• _TASK BRIEF_
When a line in the entries contains the word "Load", copy that line in full.
+++ RECORD EXCERPTS
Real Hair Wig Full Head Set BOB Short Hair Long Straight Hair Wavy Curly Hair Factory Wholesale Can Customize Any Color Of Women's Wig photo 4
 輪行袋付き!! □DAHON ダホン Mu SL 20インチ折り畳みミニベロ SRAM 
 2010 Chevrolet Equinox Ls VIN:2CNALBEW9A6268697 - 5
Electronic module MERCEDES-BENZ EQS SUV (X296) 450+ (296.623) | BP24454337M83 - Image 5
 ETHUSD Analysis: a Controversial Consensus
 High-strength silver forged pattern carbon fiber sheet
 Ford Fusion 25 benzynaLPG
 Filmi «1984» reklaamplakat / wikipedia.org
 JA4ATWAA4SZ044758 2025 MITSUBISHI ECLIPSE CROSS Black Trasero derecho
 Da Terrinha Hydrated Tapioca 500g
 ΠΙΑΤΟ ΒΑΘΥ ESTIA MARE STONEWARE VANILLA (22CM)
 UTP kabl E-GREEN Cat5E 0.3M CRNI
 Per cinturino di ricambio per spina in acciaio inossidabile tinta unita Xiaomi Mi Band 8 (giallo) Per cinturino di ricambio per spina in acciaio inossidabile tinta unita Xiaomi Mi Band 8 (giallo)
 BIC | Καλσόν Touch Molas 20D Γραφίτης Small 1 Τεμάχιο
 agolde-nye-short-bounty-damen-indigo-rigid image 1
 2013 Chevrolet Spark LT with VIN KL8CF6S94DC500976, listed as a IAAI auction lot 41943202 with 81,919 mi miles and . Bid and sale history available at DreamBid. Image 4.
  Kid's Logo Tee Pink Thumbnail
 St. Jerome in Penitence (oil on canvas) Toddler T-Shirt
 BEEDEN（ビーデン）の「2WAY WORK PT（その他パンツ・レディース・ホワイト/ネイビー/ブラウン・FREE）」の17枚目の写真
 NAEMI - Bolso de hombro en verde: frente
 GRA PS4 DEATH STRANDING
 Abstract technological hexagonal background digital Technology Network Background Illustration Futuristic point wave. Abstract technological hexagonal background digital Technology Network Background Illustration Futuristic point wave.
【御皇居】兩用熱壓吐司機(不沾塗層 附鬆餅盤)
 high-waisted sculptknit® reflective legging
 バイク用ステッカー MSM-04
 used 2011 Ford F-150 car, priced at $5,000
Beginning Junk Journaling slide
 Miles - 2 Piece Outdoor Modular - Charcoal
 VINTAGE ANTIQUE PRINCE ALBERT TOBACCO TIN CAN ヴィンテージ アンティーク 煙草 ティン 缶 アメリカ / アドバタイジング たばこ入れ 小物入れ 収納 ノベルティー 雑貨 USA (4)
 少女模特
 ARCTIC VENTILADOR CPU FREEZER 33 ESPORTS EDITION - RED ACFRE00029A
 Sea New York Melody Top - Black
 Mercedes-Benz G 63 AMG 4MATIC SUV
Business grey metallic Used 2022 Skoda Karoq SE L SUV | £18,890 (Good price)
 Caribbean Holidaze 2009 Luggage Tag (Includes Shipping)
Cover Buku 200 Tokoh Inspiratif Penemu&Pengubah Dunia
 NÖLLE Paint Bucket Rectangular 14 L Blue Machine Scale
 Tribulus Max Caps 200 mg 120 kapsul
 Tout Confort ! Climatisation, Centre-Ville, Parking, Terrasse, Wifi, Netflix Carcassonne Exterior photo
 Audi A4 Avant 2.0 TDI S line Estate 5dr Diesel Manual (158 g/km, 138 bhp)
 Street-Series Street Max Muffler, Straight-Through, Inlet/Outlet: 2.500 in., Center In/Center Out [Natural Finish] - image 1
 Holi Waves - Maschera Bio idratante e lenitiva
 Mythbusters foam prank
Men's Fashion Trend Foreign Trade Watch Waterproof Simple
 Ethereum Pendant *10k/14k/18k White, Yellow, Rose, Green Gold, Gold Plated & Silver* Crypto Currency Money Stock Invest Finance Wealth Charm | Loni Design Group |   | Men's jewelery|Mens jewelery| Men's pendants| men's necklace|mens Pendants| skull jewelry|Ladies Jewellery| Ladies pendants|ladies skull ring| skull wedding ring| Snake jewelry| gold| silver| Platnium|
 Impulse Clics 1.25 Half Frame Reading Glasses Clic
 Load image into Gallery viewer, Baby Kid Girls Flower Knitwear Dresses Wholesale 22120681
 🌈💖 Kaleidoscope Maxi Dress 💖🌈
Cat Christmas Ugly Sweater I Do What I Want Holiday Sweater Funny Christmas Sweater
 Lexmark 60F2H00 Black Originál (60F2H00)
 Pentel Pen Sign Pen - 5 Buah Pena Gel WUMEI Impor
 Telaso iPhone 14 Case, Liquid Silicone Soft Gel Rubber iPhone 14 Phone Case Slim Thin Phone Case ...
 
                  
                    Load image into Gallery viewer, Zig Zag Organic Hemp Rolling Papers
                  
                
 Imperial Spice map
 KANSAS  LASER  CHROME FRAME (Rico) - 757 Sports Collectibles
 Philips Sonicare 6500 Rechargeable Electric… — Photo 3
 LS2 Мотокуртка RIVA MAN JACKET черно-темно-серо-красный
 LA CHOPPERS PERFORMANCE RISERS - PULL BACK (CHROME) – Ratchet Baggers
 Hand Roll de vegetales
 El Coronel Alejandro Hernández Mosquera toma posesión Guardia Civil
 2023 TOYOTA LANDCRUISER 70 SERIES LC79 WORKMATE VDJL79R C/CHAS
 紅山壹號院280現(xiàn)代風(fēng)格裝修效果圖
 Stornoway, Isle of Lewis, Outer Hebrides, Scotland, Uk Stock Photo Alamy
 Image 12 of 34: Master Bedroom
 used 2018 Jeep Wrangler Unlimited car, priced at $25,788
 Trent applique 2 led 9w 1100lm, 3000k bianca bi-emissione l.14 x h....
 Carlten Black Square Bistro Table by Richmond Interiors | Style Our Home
++++++
• _RESULT FOR THIS TASK_
 Load image into Gallery viewer, Baby Kid Girls Flower Knitwear Dresses Wholesale 22120681
                    Load image into Gallery viewer, Zig Zag Organic Hemp Rolling Papers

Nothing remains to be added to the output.